#### [What you should do]
If pictures appear, leave them out, and return exactly the lines from the one holding "Lululemon In Movement‎" through the last line of the listing below.

#### [Raw data]
Segment Open

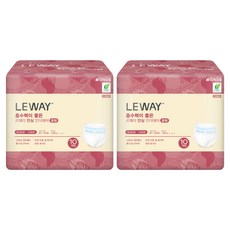 Mirae Well life Lewei 男女通用安心內褲型成人紙尿褲, 中型, 10入, 2個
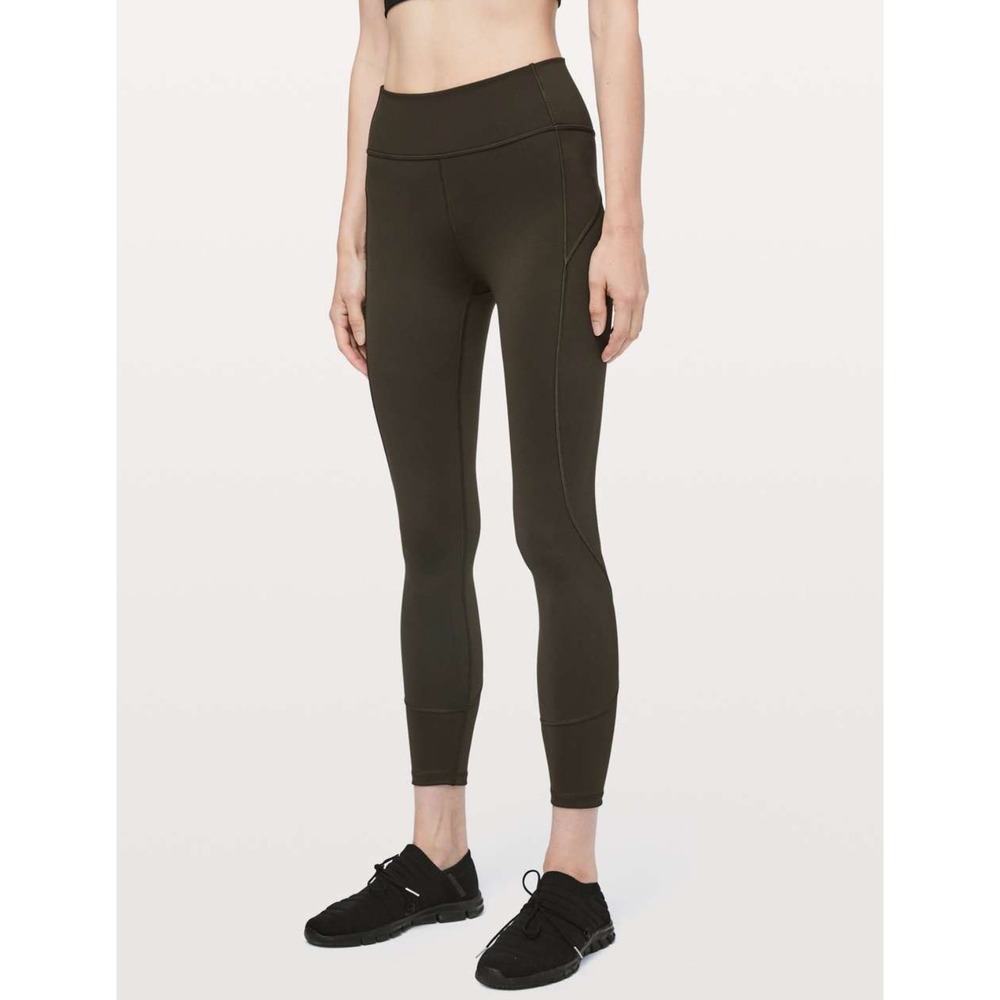 Lululemon In Movement‎ 7/8 Tight Everlux Dark Olive Green Leggings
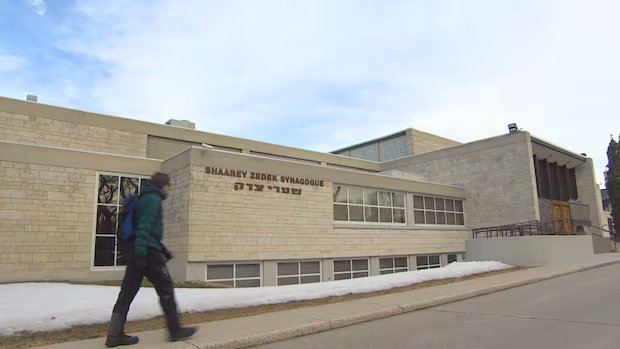 ‘If they want to intimidate us it’s not going to happen’: Synagogue stands together after antisemitic graffiti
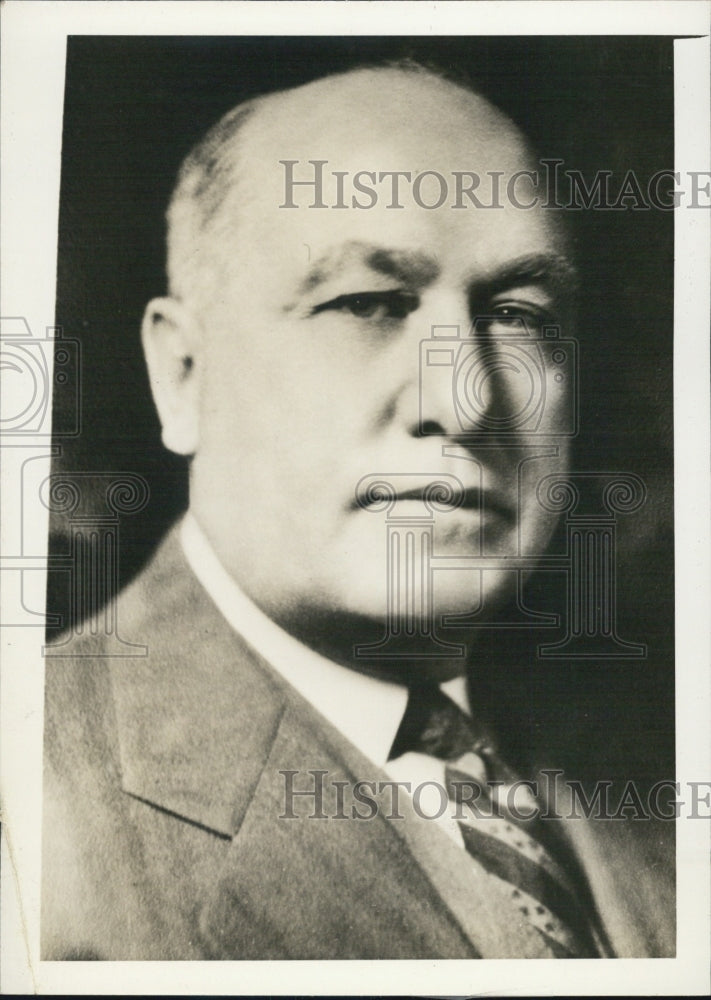 1942 Railroad President William Jeffers Appointed Rubber Czar-Historic Images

Segment Closed

#### [Worked solution]
 Lululemon In Movement‎ 7/8 Tight Everlux Dark Olive Green Leggings
 ‘If they want to intimidate us it’s not going to happen’: Synagogue stands together after antisemitic graffiti
 1942 Railroad President William Jeffers Appointed Rubber Czar-Historic Images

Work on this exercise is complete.